A 1519: Is St. Cecilia granite? Should I seal this? Also, I have a new tumbled marble floor. What is the care for this? Kay, March 12.
R2: Kay: A granite like St. Cecilia would benefit from being sealed because it being "light" it will, over time, darken a bit from the oils in your hands, etc. This can be a charming aspect of the ageing of the granite though just as marble ages and acquires a certain patina. Lynn, USA 
R1: Dear Kay: As far as whether you have to seal or not the "granite" you mention, just rely on my little "lemon juice test" (see side bar.) Maurizio, USA 
A 1383: Hello, Maurizio I saw some comments you made recently on findstone.com. I'm interested in knowing if there is a way to seal or even varnish a limestone floor to limit the chances of it being damaged by careless neglect (I may have to rent out my house for a number of years, and I'm terrified about renters screwing up my recently-installed floor). Please let me know if your company can provide any assistance. I'm located in West Hollywood. Paul. Jan 28.
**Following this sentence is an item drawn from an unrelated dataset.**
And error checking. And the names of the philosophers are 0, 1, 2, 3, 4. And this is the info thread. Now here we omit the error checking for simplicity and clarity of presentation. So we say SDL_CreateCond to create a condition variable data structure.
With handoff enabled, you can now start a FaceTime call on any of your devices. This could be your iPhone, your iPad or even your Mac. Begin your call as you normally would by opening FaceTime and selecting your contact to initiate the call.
R1: All you can do is to have your floor professionally sealed with a good-quality impregnator (I wouldn't mind if you'd consider using mine! It does come with a 20 year limited warranty). Other than that, I can't thing of anything else. Varnishing is totally out of the question!! 
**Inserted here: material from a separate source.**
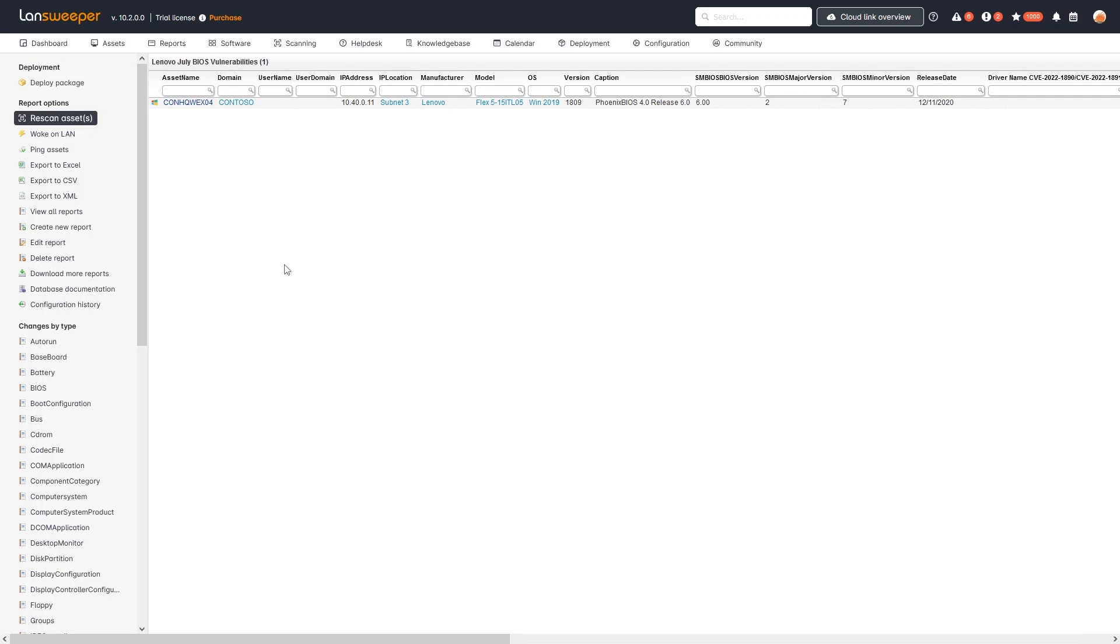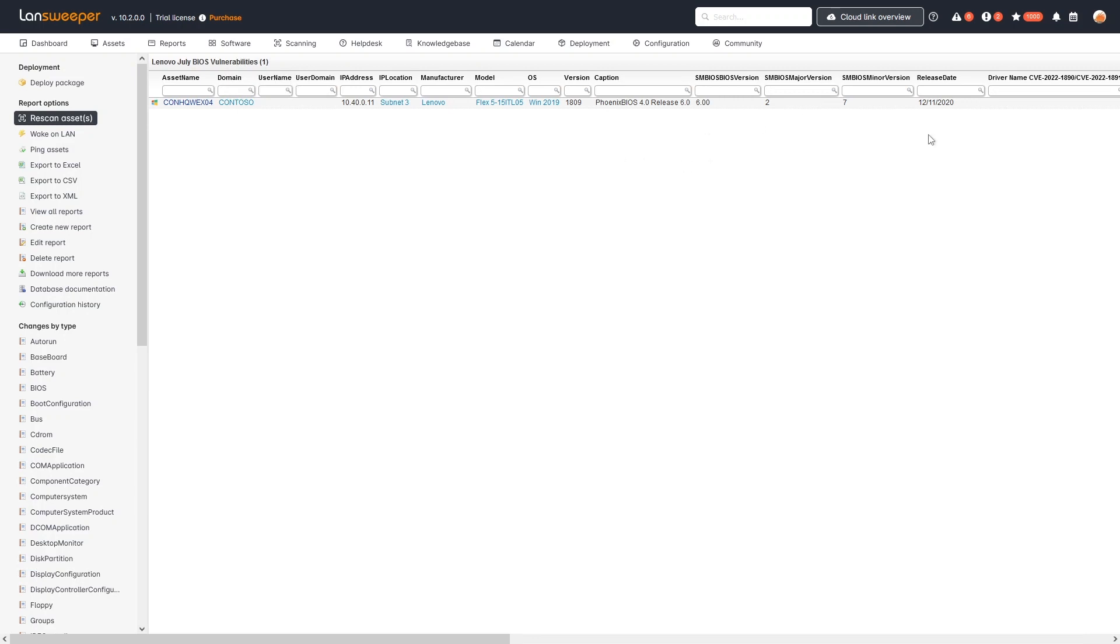Here in Lansweeper you can see we're in the specialized report where I've created one example with a fake Lenovo device. You can see we get all the details we need about the device like the name, but also additional details like the make, model, what operating system it's running, and then I've added specific details that might be useful like the caption of the BIOS as well as additional BIOS version details and when it was released.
And ongoing maintenance -- which is the most important issue -- would only be in the hands of your tenants. Maurizio, USA
A 1361: I am an architect with a project for a marble and granite mausoleum and I would like some advice concerning stone sealers. The building is 1000sf and has a reinforced concrete structure. The granite (Sierra White) is 1 1/8" thick and the marble is in the form of large solid non-structural columns. I need to seal all the stone in this project but can't seem to find the right solution. Should I be afraid of solvent based penetrating sealers? Should I be wary of vendors that want to apply their product on the marble columns by bathing them in their water-based product for 30 days? Can you provide brand name recommendations or is that beyond the scope of this web site? Thank you, Stu, Jan 23,
R3: We would recommend a silicon polyester blend of sealant. We manufacture
these. Regards Arun, India
R2: Stu, The first concern I would have is what objective are you trying to achieve by impregnating the stone. Please get a sample of the stone and subject it to the trials you think will take place. If you are looking for the stone to do something that by its nature it can't do then impregnators are a waste of $$.
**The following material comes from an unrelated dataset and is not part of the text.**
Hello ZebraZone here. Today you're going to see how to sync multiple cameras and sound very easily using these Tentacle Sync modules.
If you want the granite to repel oil and water for a while, then OK. Now impregnators go in by either a solvent medium or a water medium and bind to the stone. You need to wait 24 hours before applying another coat so that the first coat of solvent or water dries and the impregnator can bond to the stone. If you don't let the 1st coat cure long enough then the second coat doesn't bond to stone but instead to the first coat of impregnator. This is a weaker bond of impregnator to impregnator rather than impregnator to stone. Therefore, I would want to set up a periodic review composed of cleaning and resealing granite after it had been installed and specify that it needs to continue for the rest of its existence. Now for the marble columns I would ask the same question. What is the goal
of the impregnator. The marble is not absorptive that oil and water would penetrate. Marble being either metamorphic calcium carbonate or dolomite is acid reactive and the shine can disappear. Impregnators won't help that. Only due care and careful placement out of the elements would help that. If the marble is going to be left outside then get sample and subject it to the installed condition and judge whether or not you approve how it will age. Regards Steven, USA
R1: Dear Stuart: You will get, no doubt, a whole bunch of answers recommending one sealer over another, etc. 
I make a sealer (and very good at that), but I won't join the bunch. 
Let me ask you a question: "what is the picture that you have in your mind about what a sealer can do for your project?" In other words, "What do you expect a sealer to do for the stone you're specifying?" 
If your answer is a generic: "protection", then I'm sorry to be the one who's going to burst the bubble for you. 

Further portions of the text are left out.